特撮は円谷英二で、全編、ふんだんにミニチュア特撮シーンが登場するが、正直、カット数が多すぎ、その出来は悪いというしかない。
ただ、そういうちゃちな特撮シーンを、ドラマの方が支えている感じである。
本来、ドラマが映画の中心で、特撮シーンはその補助のはずなのだが、この頃は、円谷英二の名前が有名になり過ぎたため、無闇に特撮シーンを売り物にしたチープな印象の作品が量産されていた頃である。
この作品も、特撮の円谷の名前と、当時人気絶頂だった加山主演という事が売り物だったのだろうが、なかなか、ドラマとしても見ごたえのあるものになっている。
主要なメンバーは、岡本喜八監督の独立愚連隊シリーズ「どぶ鼠作戦」(1962)と重なっている。
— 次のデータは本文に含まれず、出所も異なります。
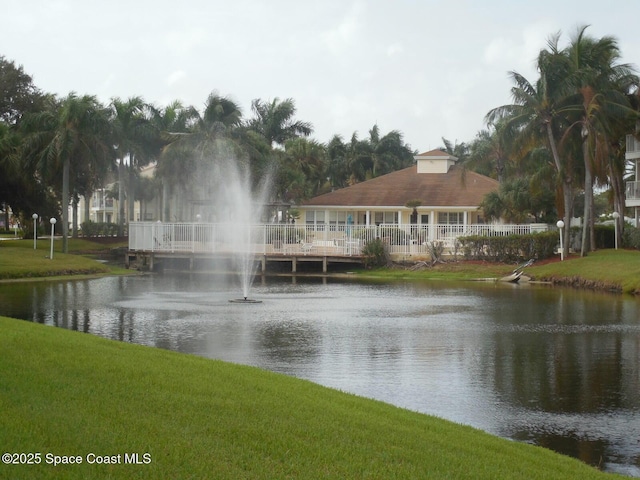 property view of water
「どぶ鼠作戦」の方では、ひょうきんな男を演じていた加山が、本作では生真面目な隊長を演じている。
佐藤允の方は、大体、いつもお馴染みの豪快なキャラクターといって良いだろう。
特に、暗い話でもないが、かといって、愉快、痛快な話という感じでもなく、かなり生真面目な作風の娯楽作品といった所か。
監督デビュー作としては、まずまずといった所ではないだろうか。